Lewis Metcalf

Making regex from scratch in go


10 Modifiers

Modifiers

Regular Expression modifiers are special characters which change how sub-expressions of the regex are interpreted. The three modifiers we’ll be implementing will be the '?', '+', and '*' modifiers.

Expected Behavior of Modifiers

Zero or One

The '?' symbol is the ‘Zero or One’ modifier. It says that the regex should match an expression if it appears zero or once. For example, the regular expression ab?c has the following match profile;

Similarly, the regular expression (abc)?z has the profile

One or More

The '+' symbol is the ‘One or More’ modifier. It says that the regex should match an expression if it appears one or more times. For example, the regular expression ab+c has the following match profile;

Similarly, the regular expression (abc)+ has the profile

Zero or More

The '*' symbol is the ‘Zero or More’ modifier. It says that the regex should match an expression if it appears zero or more times. For example, the regular expression ab*c has the following match profile;

Similarly, the regular expression `(abc)*’ has the profile

Modelling Modifiers with Epsilon FSMs

Modelling this behaviour with state machines is fairly straight forward when using epsilon transitions.

Let’s start with the Zero or One modifier.

Zero or One

Modelling the behaviour for this modifier involves implementing an optional skip step between the State (or States) that represent the sub expression, so that we can ‘skip’ over it for the ‘zero’ case or pass through it as normal for the ‘one’ case.

This should look something like this;

Pasted-image-20221009123359.png

Let’s explain this a bit.

To apply the '?' modifier to an FSM, we need to start from a State which has an epsilon transition to the start of the FSM, and also an epsilon transition to the end of the FSM.

The epsilon transition to the start of the FSM represents the ‘one’ case, in which we walk as normal through the FSM.

The epsilon transition to the end of the FSM represents the ‘zero’ case, in which we skip the FSM entirely.
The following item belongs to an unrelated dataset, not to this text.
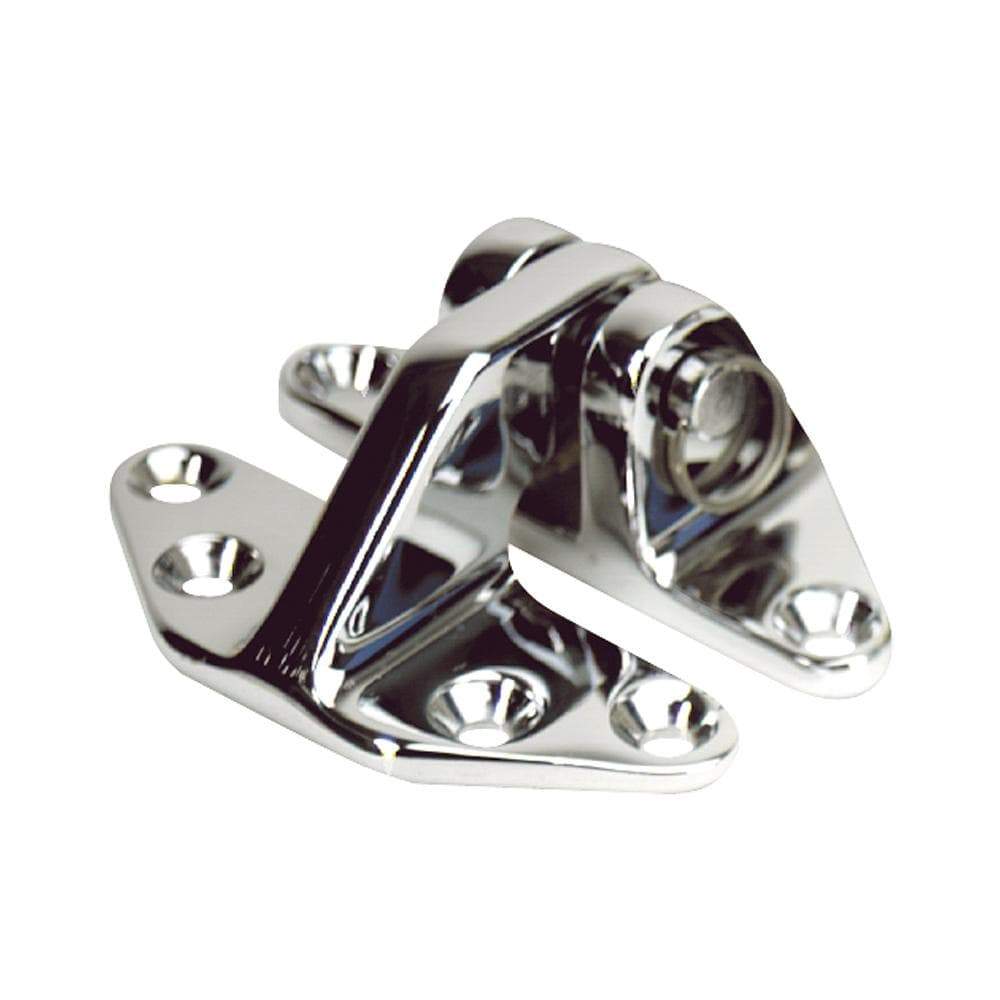 Whitecap Qualifies for Free Shipping Whitecap Hatch Hinge 2-5/8" x 3-1/8" Chrome Plated Brass #S-990C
For example, the regex dogs? would look like so;

graph LR 0((0)) --"d"--> 1((1)) 1((1)) --"o"--> 2((2)) 2((2)) --"g"--> 3((3)) 3((3)) -."ε".-> 4((4)) 4((4)) --"s"--> 5((5)) 3((3)) -."ε".-> 5((5))

And (dog)?s would be;

graph LR 0((0)) -."ε".-> 1((1)) 1((1)) --"d"--> 2((2)) 2((2)) --"o"--> 3((3)) 3((3)) --"g"--> 4((4)) 0((0)) -."ε".-> 4((4)) 4((4)) --"s"--> 5((5))

One Or More

The One or More modifier will involve an optional loop. The loop will be used to represent the ‘or More’ case, and will involve looping back from the end of the sub expression back to the beginning. This can happen as many times as necessary, because the sub expression can be matches any number of times.
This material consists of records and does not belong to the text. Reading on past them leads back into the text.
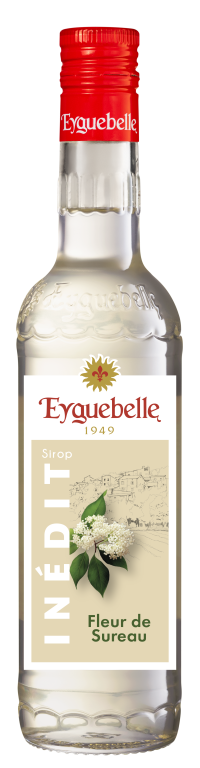 Eyguebelle Elderflower Inédit Syrup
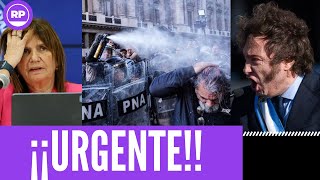 Bad News Bullrich And Mileis Anti-Protest Protocol Declared Null And Void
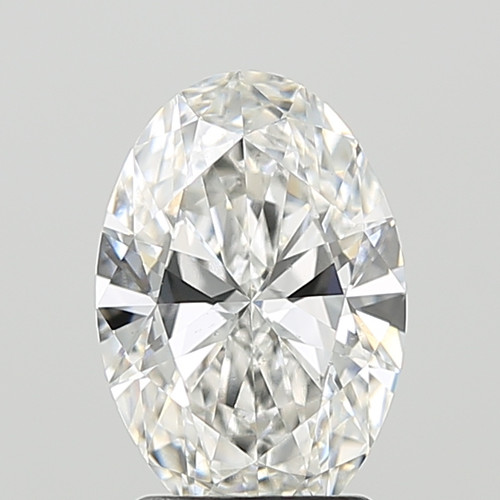 2.02 Carat Oval Lab Grown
Pasted-image-20221009124845.png

It should be clear that this looks very similar to the Zero Or One case.

The ‘One’ case is still the same, so we still need our epsilon transition pointing to the start of the FSM sub expression so that we can walk through the FSM as usual.

The loop for the ‘Or More’ case is implemented with an epsilon transition pointing from the end of the FSM back to the start1. This means that we can walk through the FSM sub expression as many times as we want without it failing.

To use the same examples as before, the regex dogs+ would look like so;

graph LR 0((0)) --"d"--> 1((1)) 1((1)) --"o"--> 2((2)) 2((2)) --"g"--> 3((3)) 3((3)) -."ε".-> 4((4)) 4((4)) --"s"--> 5((5)) 5((5)) -."ε".-> 3((3))

And (dog)+s would be;

graph LR 0((0)) -."ε".-> 1((1)) 1((1)) --"d"--> 2((2)) 2((2)) --"o"--> 3((3)) 3((3)) --"g"--> 4((4)) 4((4)) -."ε".-> 0((0)) 4((4)) --"s"--> 5((5))

It might be worth stepping through these examples in your head. Although the difference in the FSM graphs is visually subtle, the effect is significant.

Zero or More

The ‘Zero or More’ modifier can actually be composed of the ‘One or More’ and ‘Zero or One’ modifiers.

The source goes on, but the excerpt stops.